The aircraft hangar is sufficiently large to accommodate up to four EH101 helicopter or six medium-size helicopters, such as the Super Puma or the NH90. The hangar has extensive helicopter maintenance and spares facilities.
Countermeasures and sensors of Schelde Shipbuilding’s Rotterdam Class LPD
The ship’s decoy system consists of four SRBOC (super rapid blooming offboard countermeasures) decoy launchers from Lockheed Martin Sippican, which fire infrared decoys and chaff for confusion and distraction of incoming anti-ship missiles.
It is also fitted with the AN/SLQ-25 Nixie towed torpedo decoy, from Argon ST of Fairfax, Virginia.
The radar suite includes: Thales Nederland DA08 air and surface search radar operating at E and F bands, Kelvin Hughes ARPA surface search radar operating at I band and two sets of navigation and aviation radar operating at I band.

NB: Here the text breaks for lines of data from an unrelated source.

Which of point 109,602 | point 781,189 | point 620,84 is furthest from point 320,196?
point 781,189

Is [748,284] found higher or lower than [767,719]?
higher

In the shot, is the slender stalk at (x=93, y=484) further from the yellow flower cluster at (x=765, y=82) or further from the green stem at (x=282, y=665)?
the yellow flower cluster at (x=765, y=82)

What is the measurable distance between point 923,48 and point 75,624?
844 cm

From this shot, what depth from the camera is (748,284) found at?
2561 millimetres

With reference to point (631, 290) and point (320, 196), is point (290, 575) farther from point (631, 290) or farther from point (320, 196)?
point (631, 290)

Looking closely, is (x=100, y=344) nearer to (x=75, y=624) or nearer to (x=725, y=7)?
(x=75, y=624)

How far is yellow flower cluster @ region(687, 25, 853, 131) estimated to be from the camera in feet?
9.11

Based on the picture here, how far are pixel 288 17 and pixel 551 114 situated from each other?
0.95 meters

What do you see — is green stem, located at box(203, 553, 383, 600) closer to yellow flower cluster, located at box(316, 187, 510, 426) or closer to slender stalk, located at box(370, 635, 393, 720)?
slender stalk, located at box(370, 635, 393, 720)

HrMs Johan de Witt has been fitted with the Thales Nederland VARIANT 2D mk2 air and surface surveillance radar.
Propulsion of the Royal Netherlands Navy-used vessels
The ship is equipped with four Stork Wartsila diesel generators, model 12SW28 generating 14MW and two Holec motors generating 12MW, driving two shafts. The bow thruster is rated at 185kW. The top speed is more than 18kt, while the range at 12kt is more than 6,000 miles.